Assignment -
How do the lines below between the ones holding "Moradia T5 em" and "Audi A8 - 17", inclusive, read? Give them again exactly, with no other lines.

[Web page caption snippets]
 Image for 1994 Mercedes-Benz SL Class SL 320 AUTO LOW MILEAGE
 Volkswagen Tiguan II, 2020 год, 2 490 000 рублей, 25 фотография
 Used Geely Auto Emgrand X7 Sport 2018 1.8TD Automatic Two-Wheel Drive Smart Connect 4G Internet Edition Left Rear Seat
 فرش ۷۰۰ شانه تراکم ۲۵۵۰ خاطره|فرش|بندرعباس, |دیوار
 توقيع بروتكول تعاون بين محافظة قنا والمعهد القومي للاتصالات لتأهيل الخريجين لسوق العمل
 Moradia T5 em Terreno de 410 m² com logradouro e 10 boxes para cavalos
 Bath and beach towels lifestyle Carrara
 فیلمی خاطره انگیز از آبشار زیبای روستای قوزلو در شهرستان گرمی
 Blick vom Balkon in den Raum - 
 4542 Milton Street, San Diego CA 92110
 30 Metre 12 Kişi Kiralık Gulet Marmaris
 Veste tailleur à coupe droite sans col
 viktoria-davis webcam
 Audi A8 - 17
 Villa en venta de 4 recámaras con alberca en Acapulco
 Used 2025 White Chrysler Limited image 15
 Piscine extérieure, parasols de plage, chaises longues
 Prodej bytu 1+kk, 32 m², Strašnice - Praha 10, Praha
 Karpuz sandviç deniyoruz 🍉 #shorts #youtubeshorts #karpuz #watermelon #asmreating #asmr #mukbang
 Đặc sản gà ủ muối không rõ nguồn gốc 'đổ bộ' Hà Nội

Written reply -
 Moradia T5 em Terreno de 410 m² com logradouro e 10 boxes para cavalos
 Bath and beach towels lifestyle Carrara
 فیلمی خاطره انگیز از آبشار زیبای روستای قوزلو در شهرستان گرمی
 Blick vom Balkon in den Raum - 
 4542 Milton Street, San Diego CA 92110
 30 Metre 12 Kişi Kiralık Gulet Marmaris
 Veste tailleur à coupe droite sans col
 viktoria-davis webcam
 Audi A8 - 17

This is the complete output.